Back in 2018, after an experience that was meant to help me write more became the reason for my inability to write fiction, I had given up on the hope of ever completing my short fiction manuscript. The past year, the two week Banff residency with Electric Literature came out of nowhere, a gift I did not know I needed. I wrote and read and slept and talked and talked and talked. The 19 other fellow writers (now, friends) + 2 very intuitive editors from Electric Lit + the supportive Banff folks that I encountered in August reinvigorated the fiction writer in me. In those two weeks, I finished 4 short stories, bringing me ever close to finishing that manuscript draft. And how can I forget Dionne Brand’s two day sojourn as a visiting faculty; her lecture and post-lecture conversations turned out to be a major highlight of the residency! After, I returned to life, and school, and my very first term teaching my very own designed course with a freshness I did not think was possible.

Of course, not everything ran to plan. I did not anticipate the toll unbidden anxiety would take on my mind, inducing sleepless nights, or the trigger one passive-aggressive communication could become leading to that anxiety, or how eventually that anxiety would break my body down. Now that that year is done, I am glad I survived. And how!
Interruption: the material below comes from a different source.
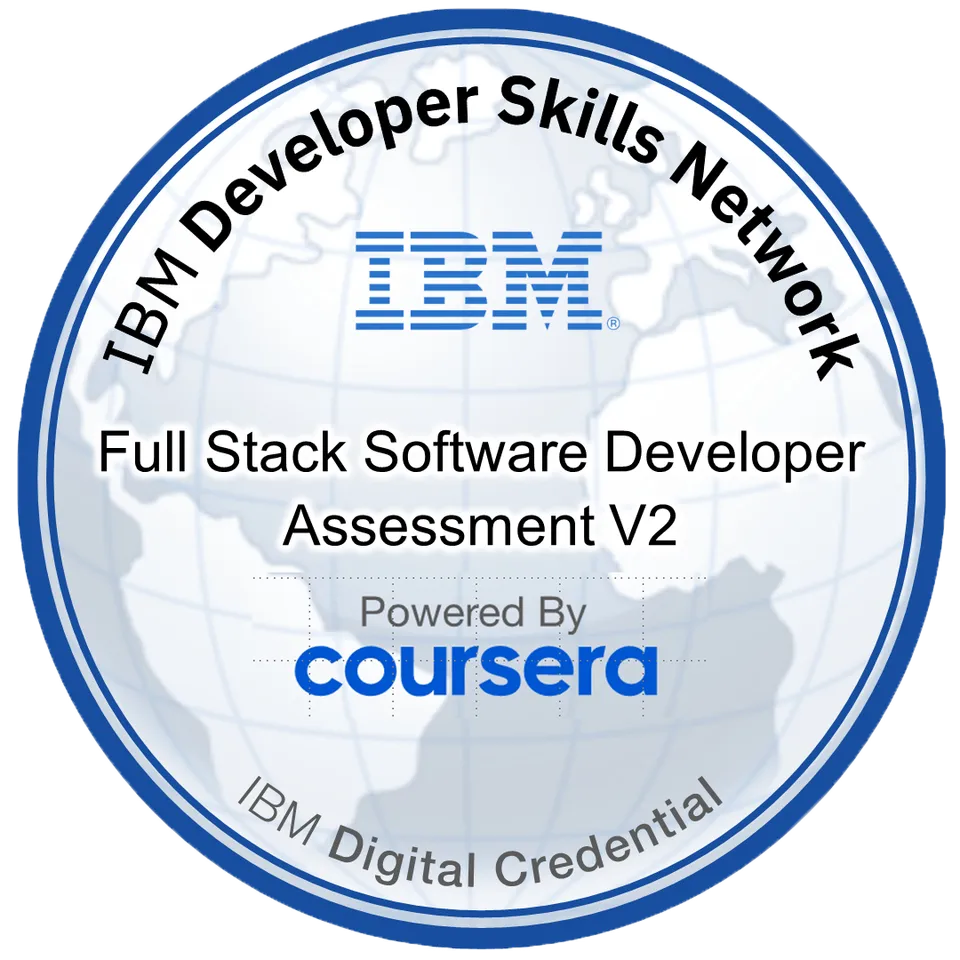 Full Stack Software Developer Assessment V2 badge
My dissertation is on course (again), and yet, I cannot help but think, how nice it must be for those who do not have to live on crip time. After all, I didn’t choose this for myself. It could very well be my internalized ableism speaking, but I cannot help but be a little jealous. I have lost time in this process, in the past few years. There are folks in my life that I seem to have no control over getting rid of, at least not yet, who have been triggers for my anxiety. And yet, I continue to survive. I know it’s not realistic to expect compassion from every single person, and especially from those who enjoy a little bit of power, but surely it’s alright to tighten those self boundaries? Surely, I can put my mental health and well being first? I choose to believe so. And the past year has been all about that, self-drawing a rekha that has nothing to do with a mythological Lakshman, but the needs of my body. I don’t care how many people I anger in the process, or how many egos I bruise, and what narrative they choose to build about me as a result. In the end, I put my well-being and survival first.

 

with the bae_sanchari sur

Birthday dinner. CN Tower, Toronto. 21st November 2019.

 

I started writing non-fiction a lot in 2019. By “a lot” I mean, two essays (one published in Daily Extra in late June, and another that was accepted by Al Jazeera on the last day of 2019!), a flash cnf piece (currently longlisted for Room‘s Short Forms contest), and several concept notes. I have been thinking a lot about my grandparents, and their journeys, and how my own journey has been a culmination of those former journeys. Gratitude always to my partner who always seems to spot a narrative in my babbling. If it wasn’t for him, I would be writing less. If it wasn’t for him, I would have given up on the dissertation much earlier. If it wasn’t for him, surviving would be much harder. Each year I survive, I wonder how I made it. It is difficult, this surviving business. Very difficult.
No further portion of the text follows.